### Assigned task
Copy out again, unchanged, the listing below from the line that has "I am so happy" through the line that has "Freja Brown Indoor/Outdoor".

◆ ◆ ◆ ◆ ◆

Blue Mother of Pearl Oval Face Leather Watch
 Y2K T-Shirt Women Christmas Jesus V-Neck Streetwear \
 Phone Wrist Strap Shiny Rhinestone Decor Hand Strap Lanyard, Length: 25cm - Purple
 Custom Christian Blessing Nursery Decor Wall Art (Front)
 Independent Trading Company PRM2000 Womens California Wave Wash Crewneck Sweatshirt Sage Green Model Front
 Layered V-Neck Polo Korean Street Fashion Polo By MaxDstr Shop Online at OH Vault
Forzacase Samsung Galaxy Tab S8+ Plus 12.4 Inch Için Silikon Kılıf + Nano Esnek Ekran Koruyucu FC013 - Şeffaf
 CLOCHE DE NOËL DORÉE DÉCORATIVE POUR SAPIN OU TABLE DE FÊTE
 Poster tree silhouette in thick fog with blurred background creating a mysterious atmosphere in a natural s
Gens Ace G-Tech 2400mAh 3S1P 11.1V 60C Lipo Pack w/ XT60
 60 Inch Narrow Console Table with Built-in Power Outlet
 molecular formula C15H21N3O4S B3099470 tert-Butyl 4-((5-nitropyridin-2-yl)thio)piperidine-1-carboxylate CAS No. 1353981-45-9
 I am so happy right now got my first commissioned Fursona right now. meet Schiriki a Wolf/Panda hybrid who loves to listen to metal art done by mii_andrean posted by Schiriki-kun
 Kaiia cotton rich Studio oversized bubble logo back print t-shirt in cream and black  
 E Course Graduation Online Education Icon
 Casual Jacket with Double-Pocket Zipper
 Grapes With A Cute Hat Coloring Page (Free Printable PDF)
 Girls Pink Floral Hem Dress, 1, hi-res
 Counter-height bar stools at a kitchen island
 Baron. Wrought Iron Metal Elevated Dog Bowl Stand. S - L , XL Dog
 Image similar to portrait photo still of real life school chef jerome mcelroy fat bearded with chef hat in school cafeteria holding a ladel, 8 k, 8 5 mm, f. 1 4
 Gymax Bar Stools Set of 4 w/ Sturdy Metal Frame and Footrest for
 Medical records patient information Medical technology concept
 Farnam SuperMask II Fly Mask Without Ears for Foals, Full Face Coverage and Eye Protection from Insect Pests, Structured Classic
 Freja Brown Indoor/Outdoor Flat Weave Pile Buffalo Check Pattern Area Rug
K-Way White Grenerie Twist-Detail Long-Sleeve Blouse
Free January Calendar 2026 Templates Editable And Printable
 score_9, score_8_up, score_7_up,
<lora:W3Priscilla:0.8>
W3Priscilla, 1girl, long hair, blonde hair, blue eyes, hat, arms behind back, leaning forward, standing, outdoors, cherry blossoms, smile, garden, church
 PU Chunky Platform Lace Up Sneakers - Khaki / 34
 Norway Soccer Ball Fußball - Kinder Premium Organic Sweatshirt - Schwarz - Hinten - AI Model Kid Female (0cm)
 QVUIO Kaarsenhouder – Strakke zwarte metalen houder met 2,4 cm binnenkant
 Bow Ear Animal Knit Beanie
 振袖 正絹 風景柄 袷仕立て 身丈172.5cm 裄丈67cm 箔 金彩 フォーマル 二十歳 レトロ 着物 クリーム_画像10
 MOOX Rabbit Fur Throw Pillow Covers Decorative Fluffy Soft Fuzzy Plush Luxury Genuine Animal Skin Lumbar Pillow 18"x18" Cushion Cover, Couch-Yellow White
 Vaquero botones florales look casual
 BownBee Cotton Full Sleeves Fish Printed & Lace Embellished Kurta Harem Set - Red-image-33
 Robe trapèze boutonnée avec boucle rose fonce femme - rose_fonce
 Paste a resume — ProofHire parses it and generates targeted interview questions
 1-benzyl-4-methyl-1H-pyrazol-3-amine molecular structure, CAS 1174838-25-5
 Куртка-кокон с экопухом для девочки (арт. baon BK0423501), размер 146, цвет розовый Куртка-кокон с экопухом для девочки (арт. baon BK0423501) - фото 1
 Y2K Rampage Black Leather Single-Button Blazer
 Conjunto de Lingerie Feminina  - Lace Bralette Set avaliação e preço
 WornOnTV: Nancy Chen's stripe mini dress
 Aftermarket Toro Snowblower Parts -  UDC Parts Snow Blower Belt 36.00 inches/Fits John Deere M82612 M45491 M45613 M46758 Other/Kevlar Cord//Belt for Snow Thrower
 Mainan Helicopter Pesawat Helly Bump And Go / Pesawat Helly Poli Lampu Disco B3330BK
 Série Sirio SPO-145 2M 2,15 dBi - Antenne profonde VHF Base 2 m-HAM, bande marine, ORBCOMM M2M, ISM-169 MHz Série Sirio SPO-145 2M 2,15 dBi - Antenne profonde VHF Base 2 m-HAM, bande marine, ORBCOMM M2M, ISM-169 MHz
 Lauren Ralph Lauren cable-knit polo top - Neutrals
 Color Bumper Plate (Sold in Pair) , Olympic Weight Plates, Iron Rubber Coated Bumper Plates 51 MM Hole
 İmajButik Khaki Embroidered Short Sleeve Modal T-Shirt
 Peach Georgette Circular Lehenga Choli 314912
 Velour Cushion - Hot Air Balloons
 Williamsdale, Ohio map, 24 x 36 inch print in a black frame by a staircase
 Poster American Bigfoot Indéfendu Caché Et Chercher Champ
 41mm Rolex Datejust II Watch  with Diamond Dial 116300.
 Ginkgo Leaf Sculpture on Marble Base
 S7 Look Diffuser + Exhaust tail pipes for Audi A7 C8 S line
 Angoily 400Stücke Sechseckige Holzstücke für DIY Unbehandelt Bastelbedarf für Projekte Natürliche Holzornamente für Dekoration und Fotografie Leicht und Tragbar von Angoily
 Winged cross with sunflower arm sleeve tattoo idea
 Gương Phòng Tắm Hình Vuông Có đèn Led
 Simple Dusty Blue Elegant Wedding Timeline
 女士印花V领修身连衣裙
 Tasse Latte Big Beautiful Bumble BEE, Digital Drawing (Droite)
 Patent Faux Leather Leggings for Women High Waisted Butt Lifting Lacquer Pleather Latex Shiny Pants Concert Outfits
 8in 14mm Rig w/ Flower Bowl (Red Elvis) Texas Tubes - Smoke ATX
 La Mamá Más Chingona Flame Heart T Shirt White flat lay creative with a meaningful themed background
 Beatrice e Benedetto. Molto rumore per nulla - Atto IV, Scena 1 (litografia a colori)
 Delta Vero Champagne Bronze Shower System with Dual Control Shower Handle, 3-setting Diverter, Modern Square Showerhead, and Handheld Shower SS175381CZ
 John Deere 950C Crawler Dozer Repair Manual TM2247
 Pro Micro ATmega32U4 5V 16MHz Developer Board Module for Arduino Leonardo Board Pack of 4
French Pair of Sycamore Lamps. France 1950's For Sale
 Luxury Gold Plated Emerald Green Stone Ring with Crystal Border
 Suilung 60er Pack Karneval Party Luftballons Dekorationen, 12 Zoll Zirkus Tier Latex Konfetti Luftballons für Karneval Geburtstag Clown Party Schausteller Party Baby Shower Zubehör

◆ ◆ ◆ ◆ ◆

### The answer
 I am so happy right now got my first commissioned Fursona right now. meet Schiriki a Wolf/Panda hybrid who loves to listen to metal art done by mii_andrean posted by Schiriki-kun
 Kaiia cotton rich Studio oversized bubble logo back print t-shirt in cream and black  
 E Course Graduation Online Education Icon
 Casual Jacket with Double-Pocket Zipper
 Grapes With A Cute Hat Coloring Page (Free Printable PDF)
 Girls Pink Floral Hem Dress, 1, hi-res
 Counter-height bar stools at a kitchen island
 Baron. Wrought Iron Metal Elevated Dog Bowl Stand. S - L , XL Dog
 Image similar to portrait photo still of real life school chef jerome mcelroy fat bearded with chef hat in school cafeteria holding a ladel, 8 k, 8 5 mm, f. 1 4
 Gymax Bar Stools Set of 4 w/ Sturdy Metal Frame and Footrest for
 Medical records patient information Medical technology concept
 Farnam SuperMask II Fly Mask Without Ears for Foals, Full Face Coverage and Eye Protection from Insect Pests, Structured Classic
 Freja Brown Indoor/Outdoor Flat Weave Pile Buffalo Check Pattern Area Rug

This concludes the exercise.